[RECORDS PROVIDED — start]
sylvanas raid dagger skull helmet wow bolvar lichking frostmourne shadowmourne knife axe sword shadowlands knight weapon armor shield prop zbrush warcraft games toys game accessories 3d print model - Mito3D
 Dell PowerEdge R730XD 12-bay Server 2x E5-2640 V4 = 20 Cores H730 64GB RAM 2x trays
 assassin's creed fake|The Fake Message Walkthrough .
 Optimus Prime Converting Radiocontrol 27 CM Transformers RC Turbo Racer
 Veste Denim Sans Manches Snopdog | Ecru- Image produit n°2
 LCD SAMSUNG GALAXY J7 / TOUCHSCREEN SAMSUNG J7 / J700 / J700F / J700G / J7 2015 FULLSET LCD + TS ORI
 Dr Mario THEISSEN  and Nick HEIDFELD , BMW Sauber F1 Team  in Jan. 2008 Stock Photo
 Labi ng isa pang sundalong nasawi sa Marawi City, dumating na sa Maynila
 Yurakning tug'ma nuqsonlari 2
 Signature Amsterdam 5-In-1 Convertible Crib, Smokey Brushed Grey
[RECORDS PROVIDED — finish]
Beginning at the line that contains "LCD SAMSUNG GALAXY" and ending at the last line above, copy each line without any change.

» TASK OUTPUT
 LCD SAMSUNG GALAXY J7 / TOUCHSCREEN SAMSUNG J7 / J700 / J700F / J700G / J7 2015 FULLSET LCD + TS ORI
 Dr Mario THEISSEN  and Nick HEIDFELD , BMW Sauber F1 Team  in Jan. 2008 Stock Photo
 Labi ng isa pang sundalong nasawi sa Marawi City, dumating na sa Maynila
 Yurakning tug'ma nuqsonlari 2
 Signature Amsterdam 5-In-1 Convertible Crib, Smokey Brushed Grey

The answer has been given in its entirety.